# Wimbley's Latest Poses



## starby (Apr 25, 2010)




----------



## PJM (May 7, 2010)

Oh my goodness!! I LOVE YOUR PICTURES!!! You are so creative! I can't get over the 2nd picture. I swear, you could market it. Love it, love it!!


----------



## LarryT (May 12, 2009)

Cute pics  
Your boy is so smart  none of mine can spell their names yet :lol:


----------



## Sela (Apr 10, 2010)

I like the second picture best. Look at his little face, he's so cute.

"Must...not...blink!"


----------



## tie-dye hedgie (Dec 19, 2009)

What great pictures, looks like you had a nice day outside! Thanks for sharing! 



LarryT said:


> Cute pics
> Your boy is so smart  none of mine can spell their names yet :lol:


Larry, that was funny! :lol:


----------



## Hedgieonboard (Nov 15, 2009)

Gorgeous pics


----------



## starby (Apr 25, 2010)

I recently attended my nephew's John Deere themed 2nd birthday party!
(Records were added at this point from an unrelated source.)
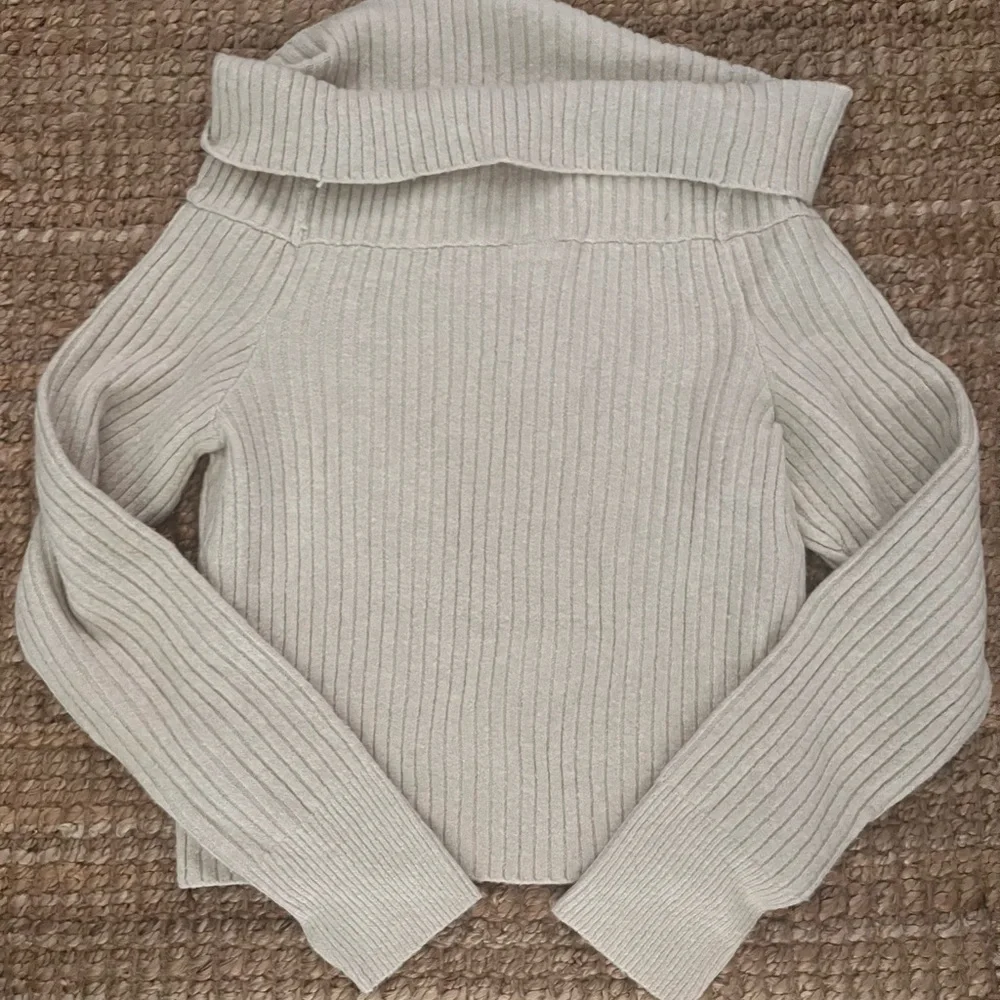 Cream Off-Shoulder Ribbed Aerie Sweater - Picture 3 of 3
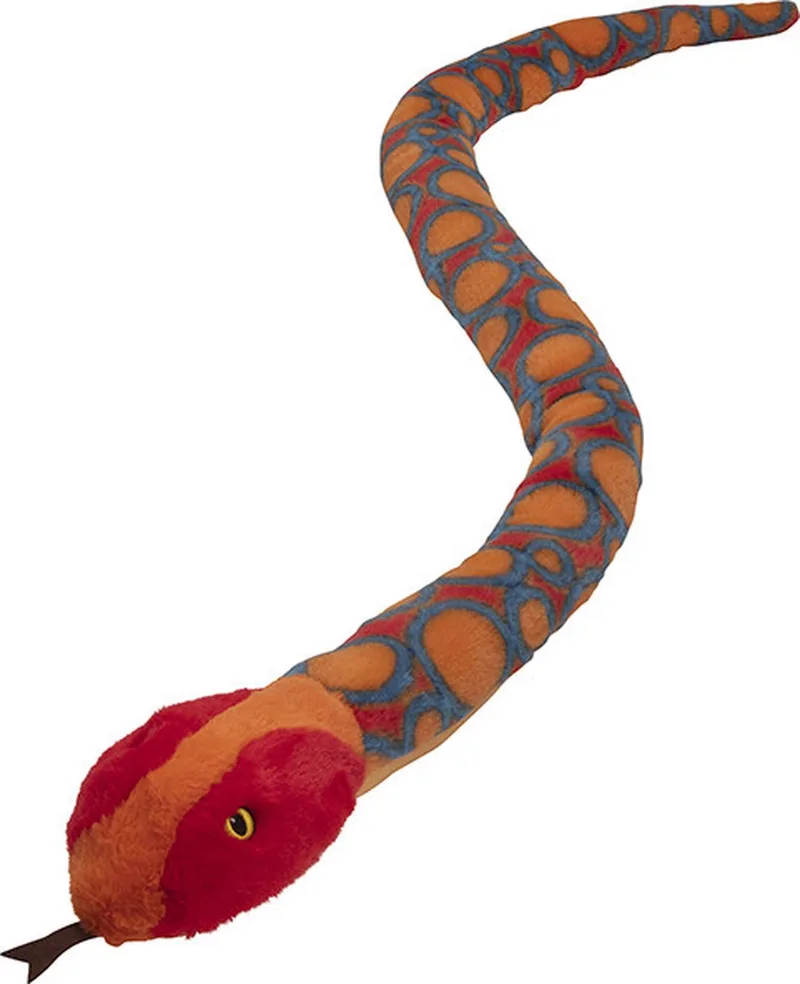 Pluche dieren knuffels regenboog Boa slang van 150 cm - Knuffeldieren slangen speelgoed van Nature Planet in Meerkleurig – productfoto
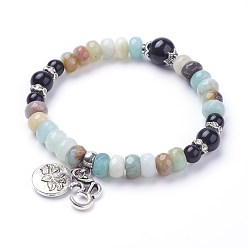 Flower Amazonite Natural Obsidian Stretch Charm Bracelets, with Flower Amazonite and Alloy Pendant, Flat Round with Lotus and Om Symbol, 2-1/4 inch(58mm)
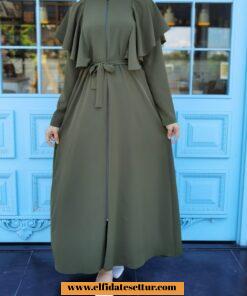 Dökümlü krep volanlı ferace abaya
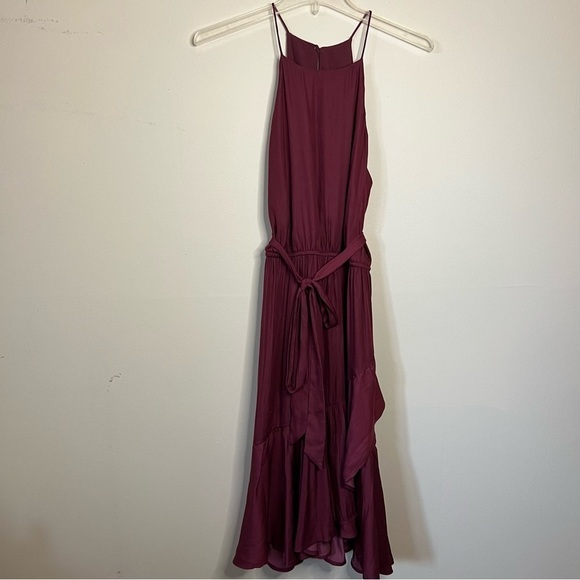 LOFT Garnet Red Flounce Midi Halter Dress Size Medium - Picture 3 of 16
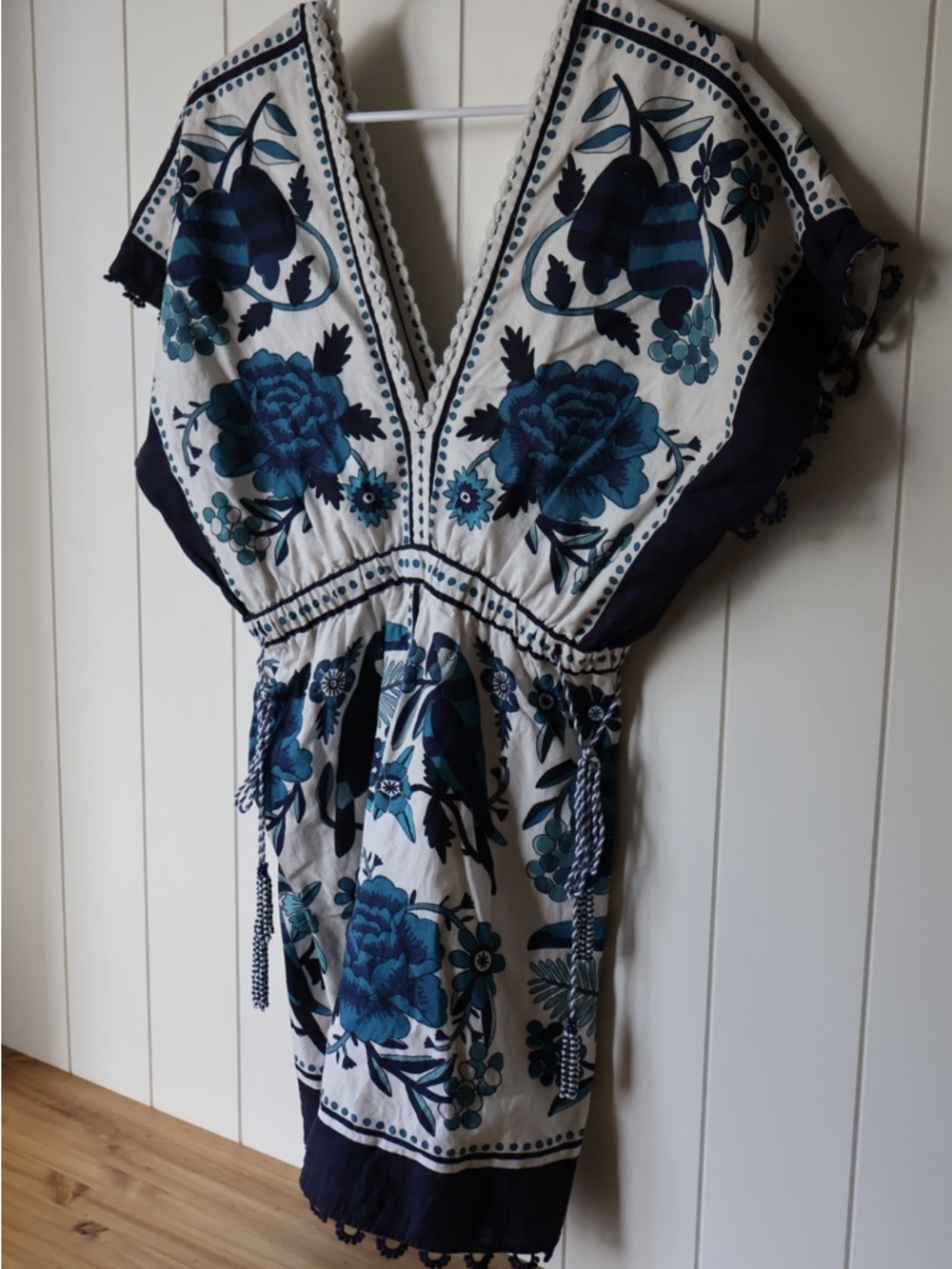 Farm Rio Tropical Tiles Linen Blend Floral Mini Dress Women’s M - Picture 6 of 11
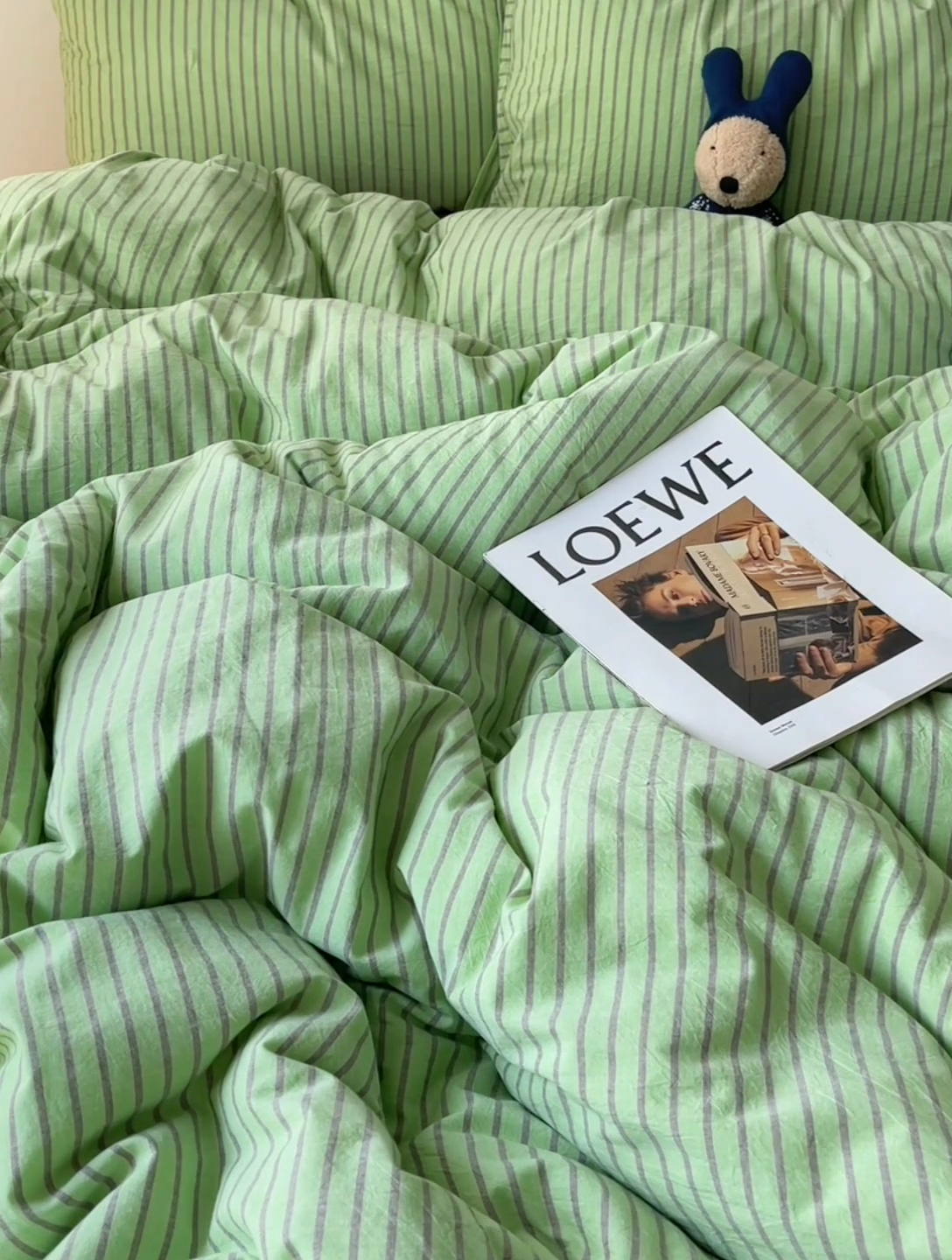 91家纺网 家纺一手货源 找家纺 呗旺鹿 2024新款A类全棉色织水洗棉马卡龙系列四件套 可乐绿紫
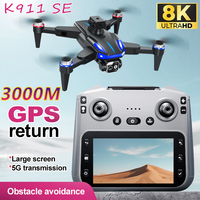 K911SE Drone 8K HD GPS Optical Flow Positioning With Screen Remote Control 360° Laser Obstacle Avoidance Brushless 5G RC UAV Toy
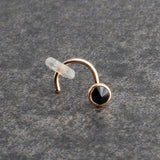 SOLID GOLD Nose Screw with Black Spinel for the Right Side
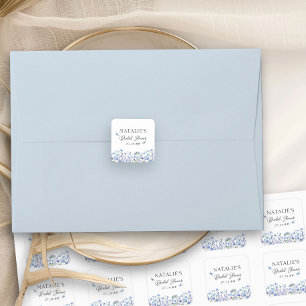 Pegatina Cuadrada Flores Silvestres Azules Ducha Floral Delicada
I decided to make a special Wimbley card for him! This is the result! :lol: 









This is just another pose I tried out... Wimbley is such a trooper! haha


----------



## CoxMD (Apr 30, 2010)

A caption for your second photo:

"I do." 

He looks so serious!


----------



## PJM (May 7, 2010)

I love it! I don't know how you kept the hat on! We TRIED to take a family portrait with our hats on & Cholla-booger wouldn't sit still! Had to hold the hat above his head, then he pooped on me, then he crawled up my dress, then he turned around. Wimbley may not look like he's loving it (I always love his expression of disapproval), but at least he cooperates. And very creative, as always. Keep them coming, because I'm going to steal all your ideas. :lol:


----------